Please output exactly the lines of the material from the first through the line containing "Elegante Indiase restaurant", and nothing more.

Data for this exercise:
::::::

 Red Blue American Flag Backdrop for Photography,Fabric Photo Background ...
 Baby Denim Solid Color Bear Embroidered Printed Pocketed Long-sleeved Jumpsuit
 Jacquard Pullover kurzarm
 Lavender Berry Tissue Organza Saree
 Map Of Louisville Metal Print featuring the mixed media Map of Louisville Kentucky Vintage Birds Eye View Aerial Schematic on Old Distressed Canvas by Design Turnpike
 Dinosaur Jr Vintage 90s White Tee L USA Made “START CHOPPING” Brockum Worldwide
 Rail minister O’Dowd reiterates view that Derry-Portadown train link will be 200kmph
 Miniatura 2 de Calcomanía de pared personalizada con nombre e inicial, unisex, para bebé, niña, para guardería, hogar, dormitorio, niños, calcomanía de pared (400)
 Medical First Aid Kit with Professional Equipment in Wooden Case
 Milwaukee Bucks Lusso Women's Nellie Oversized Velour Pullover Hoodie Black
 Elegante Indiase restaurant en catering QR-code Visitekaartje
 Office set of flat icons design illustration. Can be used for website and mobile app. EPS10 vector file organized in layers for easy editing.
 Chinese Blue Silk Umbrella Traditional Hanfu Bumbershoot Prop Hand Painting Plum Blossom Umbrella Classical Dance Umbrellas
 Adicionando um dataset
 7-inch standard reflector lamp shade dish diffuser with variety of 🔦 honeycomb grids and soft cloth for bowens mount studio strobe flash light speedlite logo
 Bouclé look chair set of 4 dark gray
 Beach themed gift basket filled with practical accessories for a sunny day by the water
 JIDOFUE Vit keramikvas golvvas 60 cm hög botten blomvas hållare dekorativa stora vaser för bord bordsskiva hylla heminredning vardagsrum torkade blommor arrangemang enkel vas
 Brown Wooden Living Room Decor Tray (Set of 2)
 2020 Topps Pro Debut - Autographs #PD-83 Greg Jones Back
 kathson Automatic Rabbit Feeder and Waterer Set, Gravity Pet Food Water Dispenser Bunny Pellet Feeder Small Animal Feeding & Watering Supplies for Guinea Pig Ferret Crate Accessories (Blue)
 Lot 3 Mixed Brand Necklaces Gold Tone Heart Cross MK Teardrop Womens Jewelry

::::::

The completed task:
 Red Blue American Flag Backdrop for Photography,Fabric Photo Background ...
 Baby Denim Solid Color Bear Embroidered Printed Pocketed Long-sleeved Jumpsuit
 Jacquard Pullover kurzarm
 Lavender Berry Tissue Organza Saree
 Map Of Louisville Metal Print featuring the mixed media Map of Louisville Kentucky Vintage Birds Eye View Aerial Schematic on Old Distressed Canvas by Design Turnpike
 Dinosaur Jr Vintage 90s White Tee L USA Made “START CHOPPING” Brockum Worldwide
 Rail minister O’Dowd reiterates view that Derry-Portadown train link will be 200kmph
 Miniatura 2 de Calcomanía de pared personalizada con nombre e inicial, unisex, para bebé, niña, para guardería, hogar, dormitorio, niños, calcomanía de pared (400)
 Medical First Aid Kit with Professional Equipment in Wooden Case
 Milwaukee Bucks Lusso Women's Nellie Oversized Velour Pullover Hoodie Black
 Elegante Indiase restaurant en catering QR-code Visitekaartje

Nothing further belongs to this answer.